We're loving splunk for monitoring the health of our system, but we want to also pump the data into hadoop for some larger scale statistical analysis. Has anyone forwarded the splunk data into hadoop or any other mechanism? Another option is to send all data to rsyslog first, and then have hadoop and splunk monitor that. Any thoughts?
Yes, it's been over two years that this question has been asked - Splunk Hadoop Connect is a free app that supports bi-directional communication between Splunk and Hadoop. Check it out in the app's section.
If you need to perform arbitrary operations on the dataset, you can extend the search language yourself, and you can arrange for these operations to be performed across your set of indexers.
If you have, however, a problem that you've already got a prefabricated solution built out in hadoop, where it is not particularly useful for the workflow goals to review the result in the splunk ui, then it becomes a simple story about data export, of which there are various paths.
The transforming operator as part of the search language could theoretically pass the data out and back again, but there might be latency thorns there.

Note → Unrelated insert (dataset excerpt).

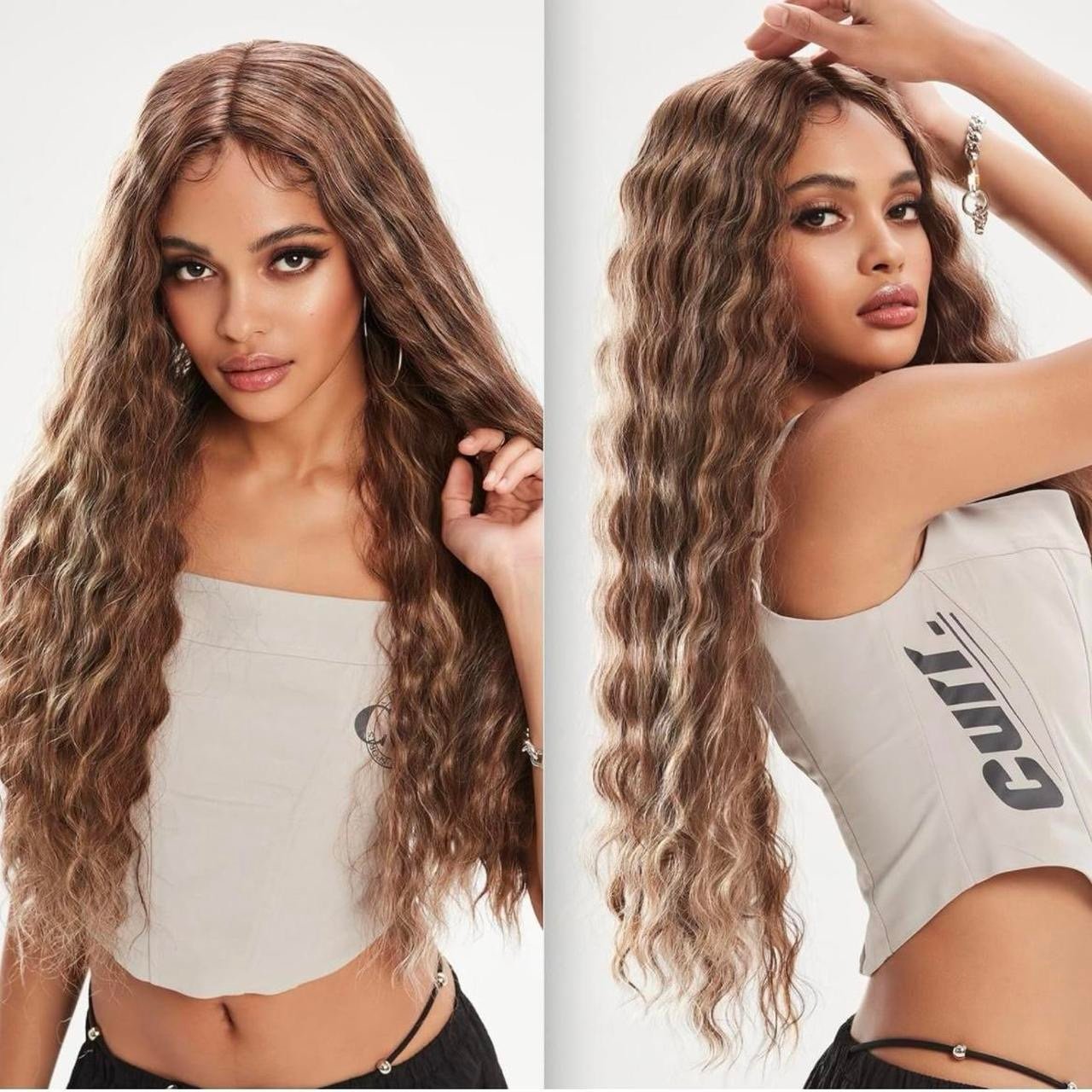 Lace front brown highlight loose deep wave wig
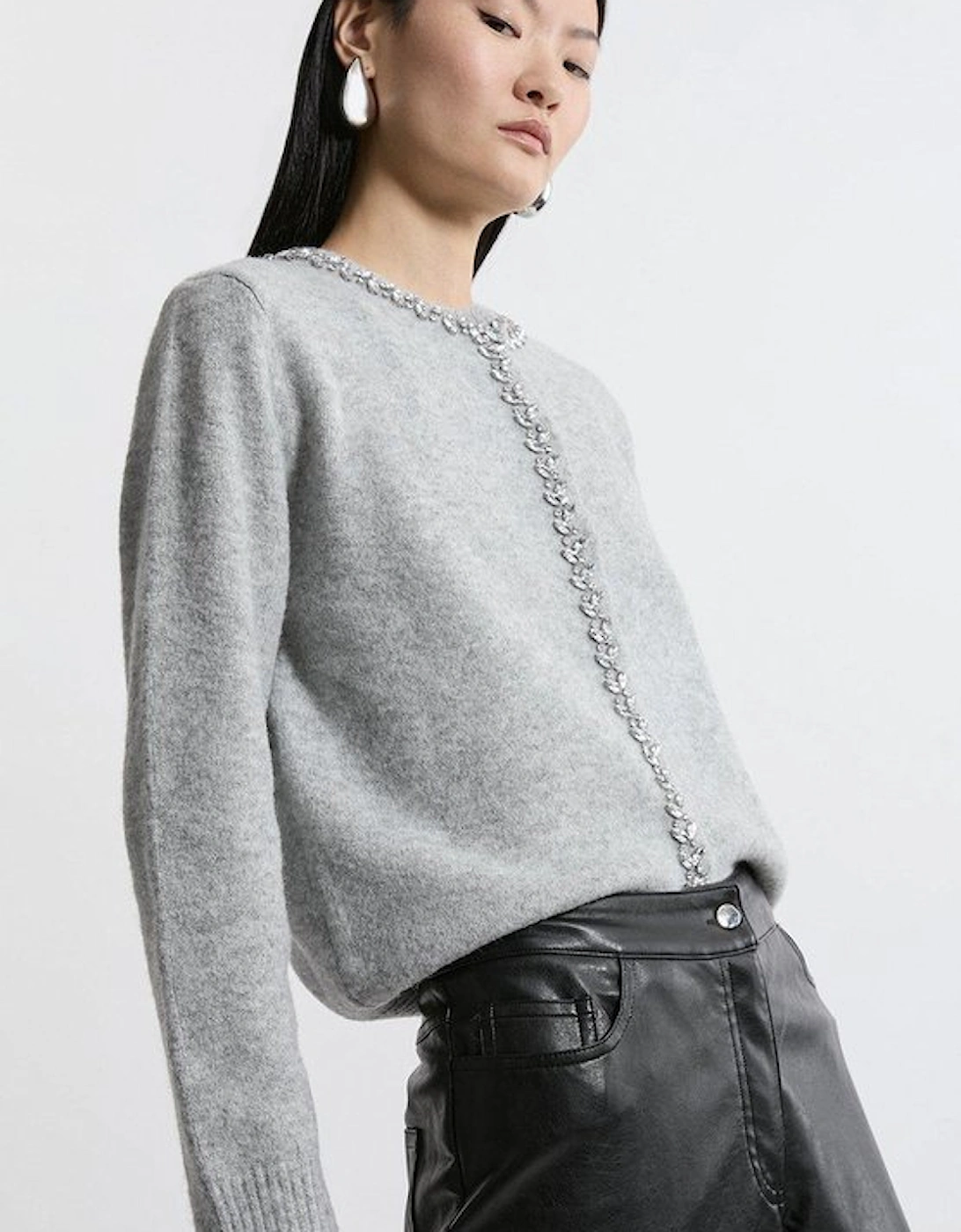 Embellished Trim Cosy Knit Cardigan, 5 of 4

The goal, from our end, is that you should be able to get statistical analysis goals on your log data accomplished within the splunk world and search language, as we have a whole relatively focused UI around the problem space, which provides value to you.
Note that Splunk is itself a horizontally scalable solution for large scale statistical analysis - check out this white paper for more info: http://www.splunk.com/web_assets/pdfs/secure//Splunk_and_MapReduce.pdf
It's kind of a broad question. What data do you want to send to Hadoop? We can simply forward data to another system as it arrives at Splunk or you can export data after it has been cooked by Splunk.
What kind of statistical analysis do you want to do? Have you tried to use Splunk and it didn't suffice? What is the dataset size? How many Splunk servers are you using? Have you looked at Summary Indexing on Splunk?
Lot's of questions in the answer but with a bit more detail we can point you in the right direction.